- [ABOUT THIS EXERCISE]:
Retype the data exactly, skipping any picture in it.

Records from a collection
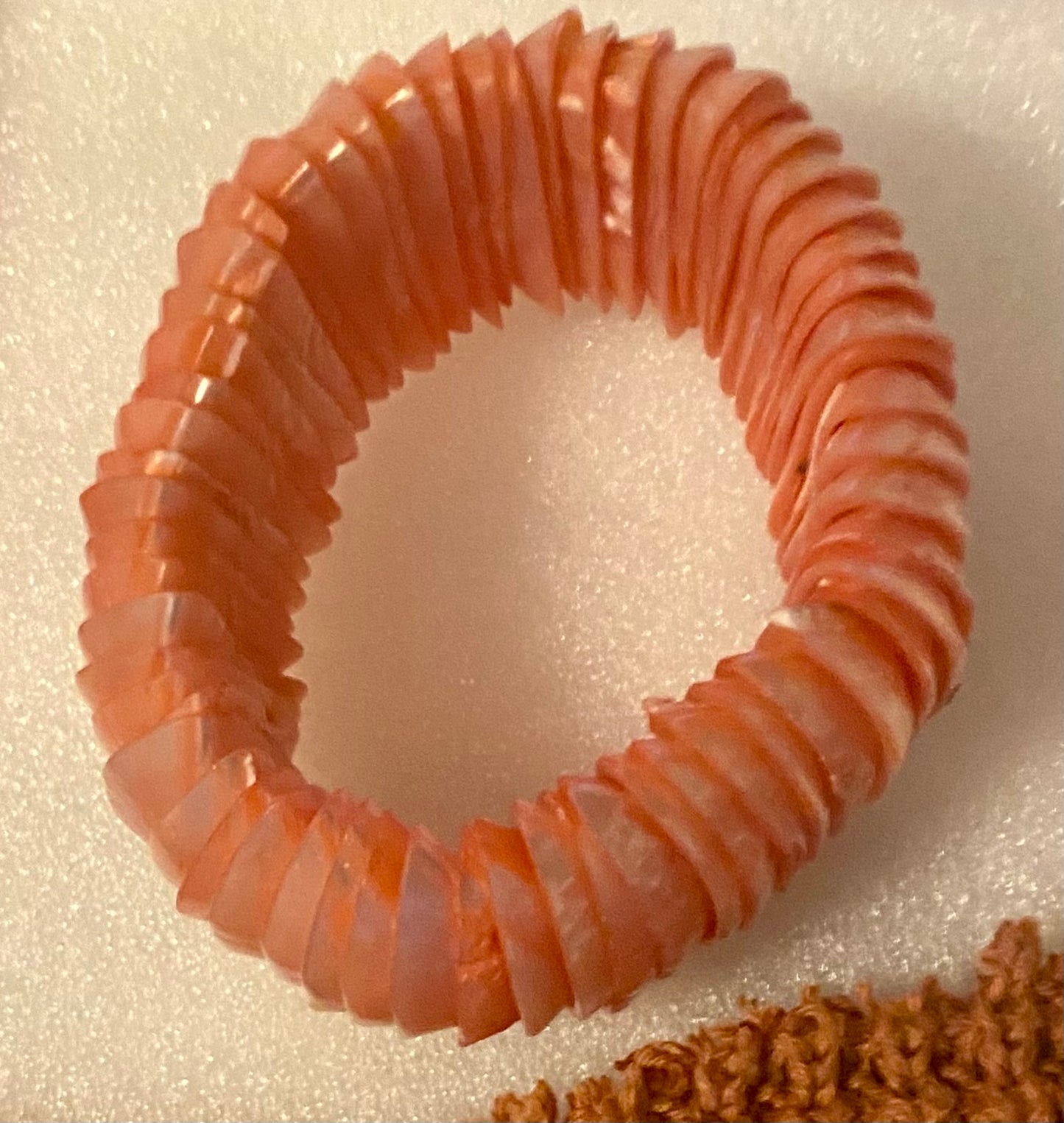 Dyed Pink Mother of Pearl Bracelet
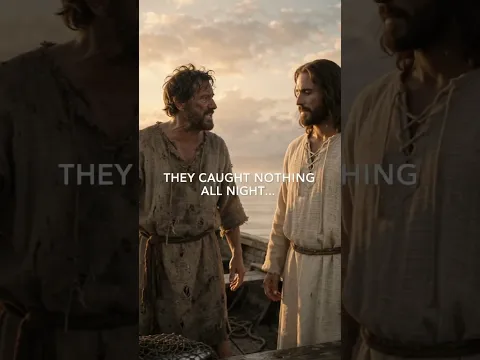 They Caught NOTHING… Then Jesus Said This ✝️🐟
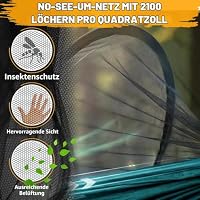 NATUREFUN Ultra-Light Reisecamping Hängematte Moskitonetz Hängematte | 300 kg Tragkraft, atmungsaktiv Schnelltrocknendes Fallschirm-Nylon | 2 Premium Karabiner, 2 Nylonschlingen inklusive – Ansicht 5
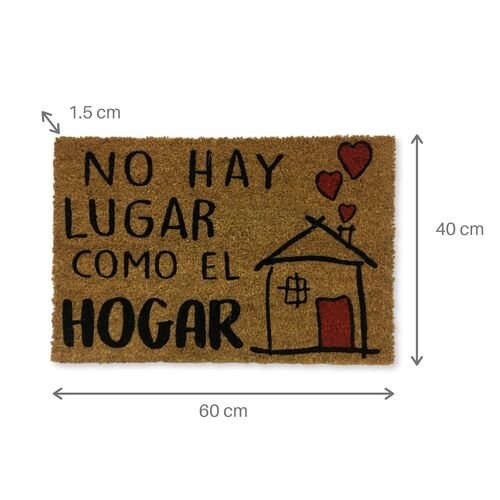 Felpudo Coco - No hay Lugar Como el Hogar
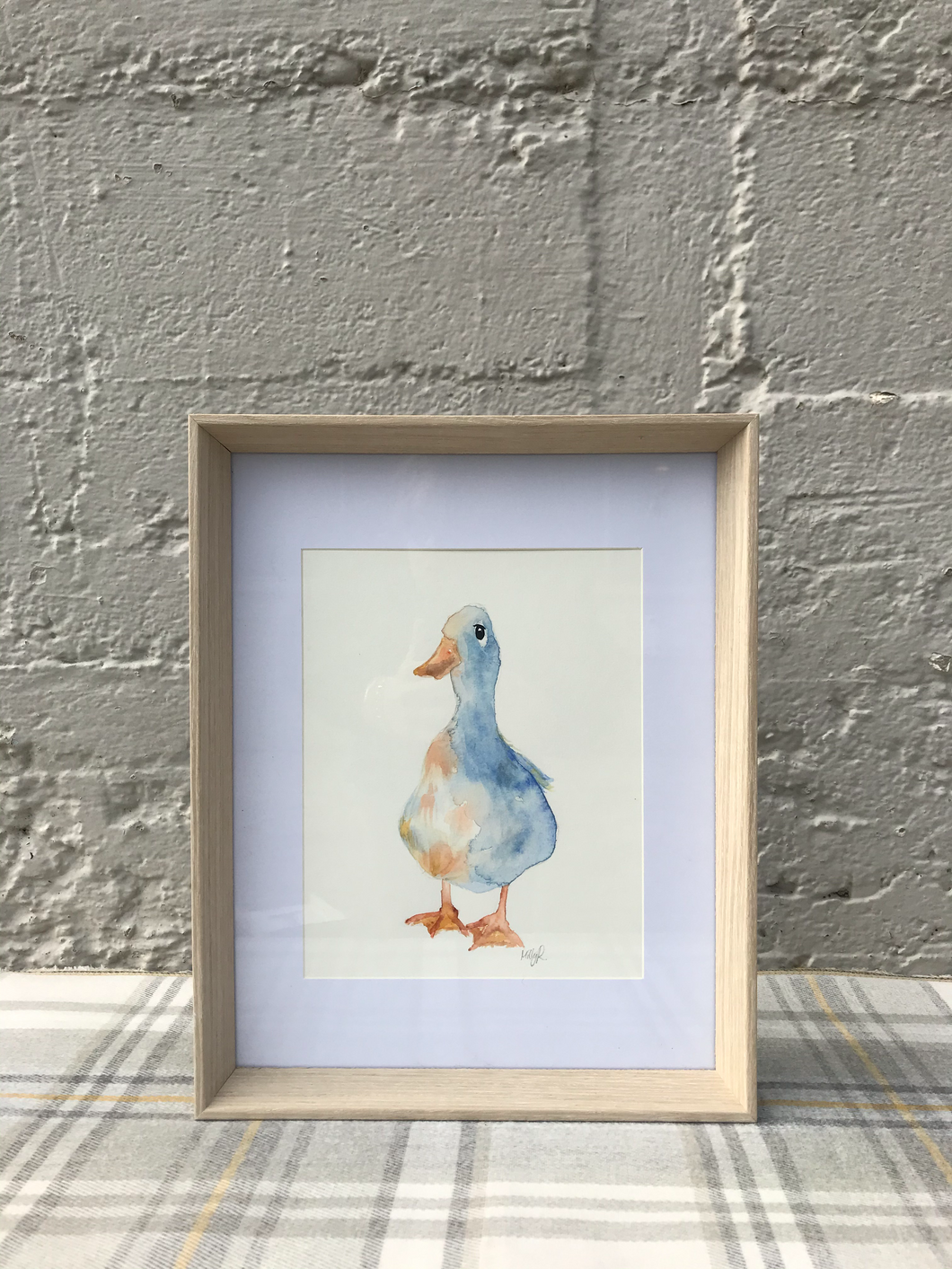Original Framed Watercolour Goose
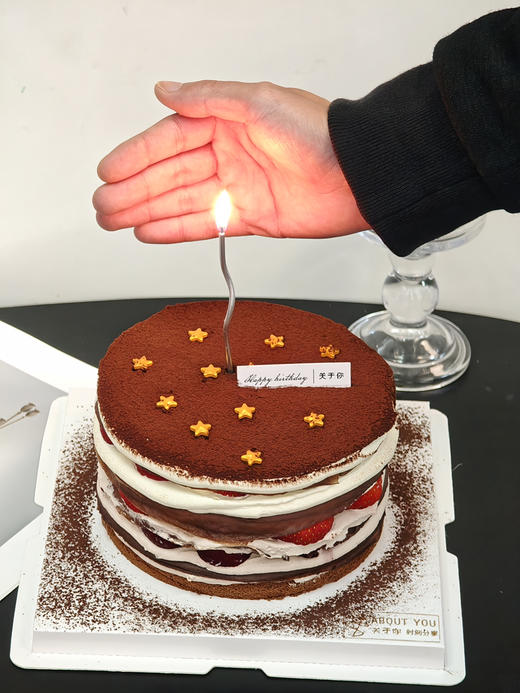 星星草莓巧克力千层 商品图0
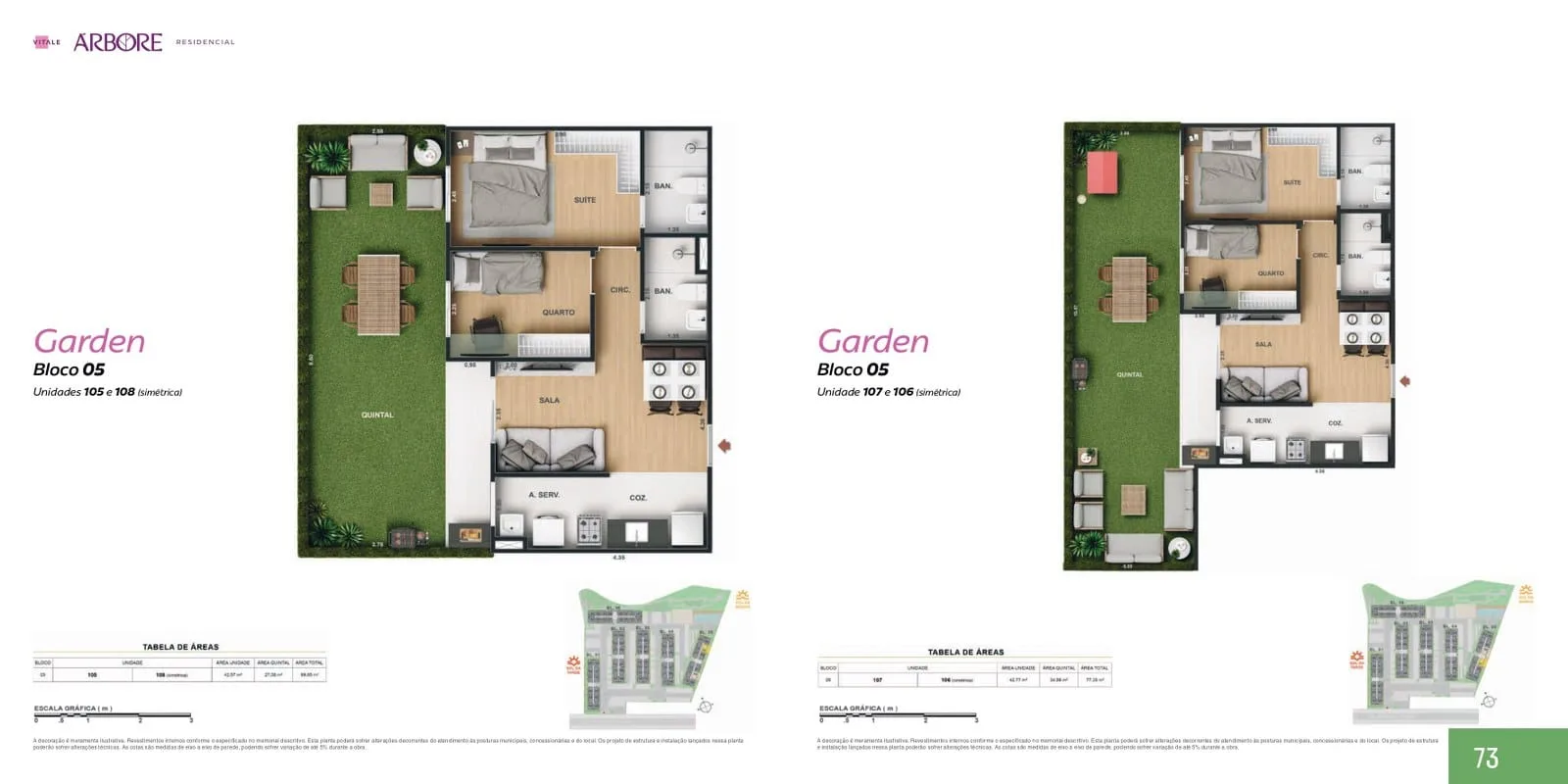 Planta 8: Árbore Camorim Residencial, apartamento de alto padrão em Outro, Rio de Janeiro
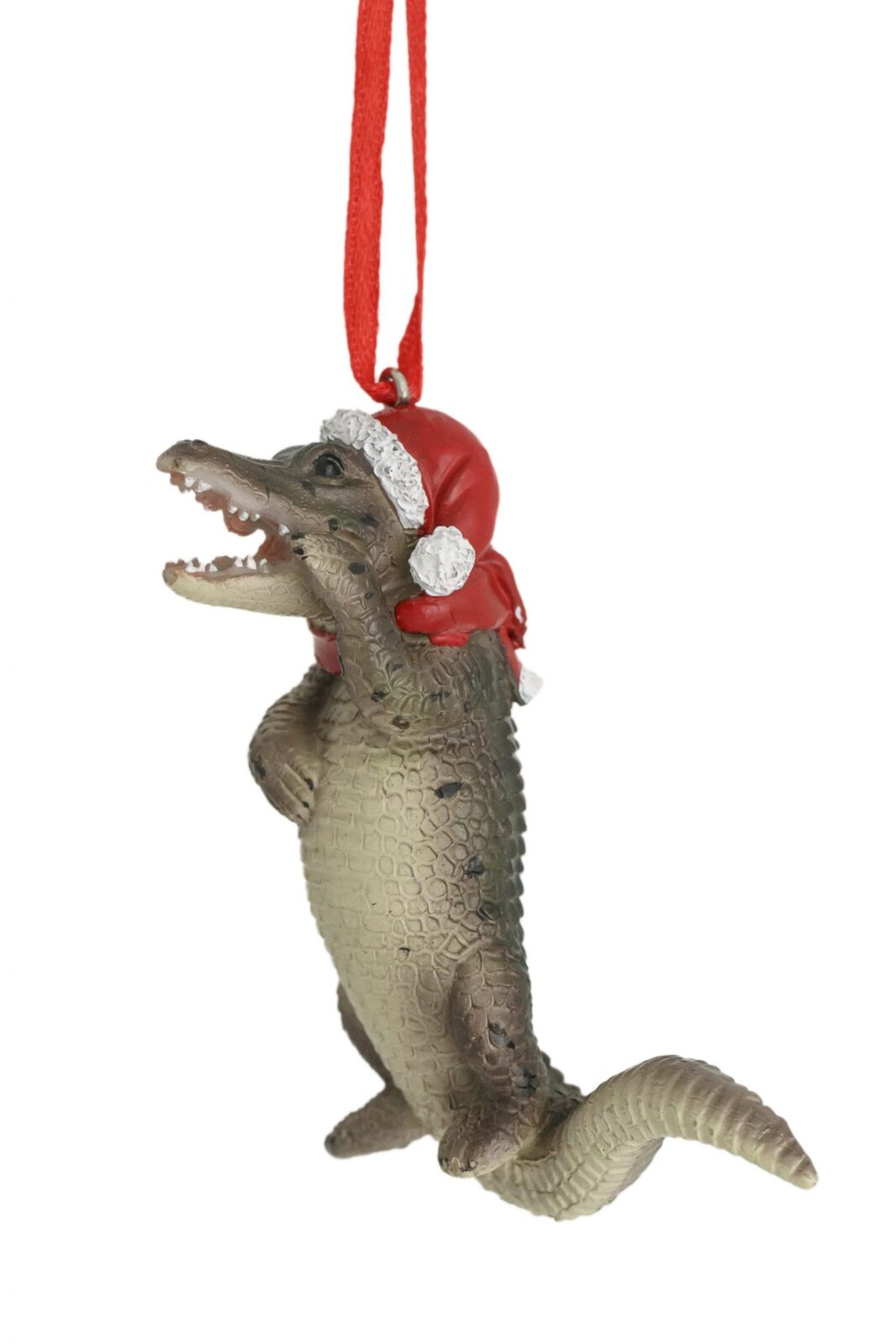 80mm Christmas Crocodile Hanging Decoration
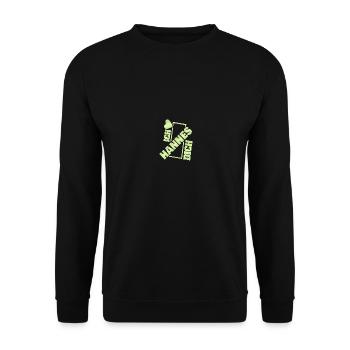 Couple Hannes - Unisex Sweatshirt - black - Front - Alina (178cm) & Michal (187cm)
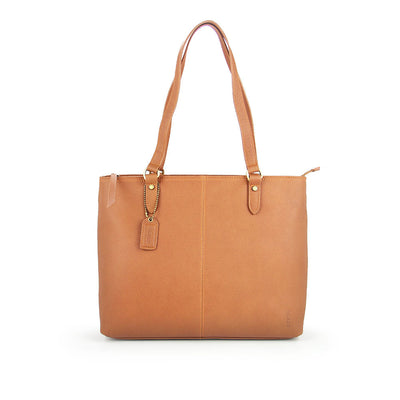 Picard Buffalo Ladies Leather Shopper Bag (Tan-Orange)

- [TASK ANSWER]:
 Dyed Pink Mother of Pearl Bracelet
 They Caught NOTHING… Then Jesus Said This ✝️🐟
 NATUREFUN Ultra-Light Reisecamping Hängematte Moskitonetz Hängematte | 300 kg Tragkraft, atmungsaktiv Schnelltrocknendes Fallschirm-Nylon | 2 Premium Karabiner, 2 Nylonschlingen inklusive – Ansicht 5
 Felpudo Coco - No hay Lugar Como el Hogar
Original Framed Watercolour Goose
 星星草莓巧克力千层 商品图0
 Planta 8: Árbore Camorim Residencial, apartamento de alto padrão em Outro, Rio de Janeiro
 80mm Christmas Crocodile Hanging Decoration
 Couple Hannes - Unisex Sweatshirt - black - Front - Alina (178cm) & Michal (187cm)
 Picard Buffalo Ladies Leather Shopper Bag (Tan-Orange)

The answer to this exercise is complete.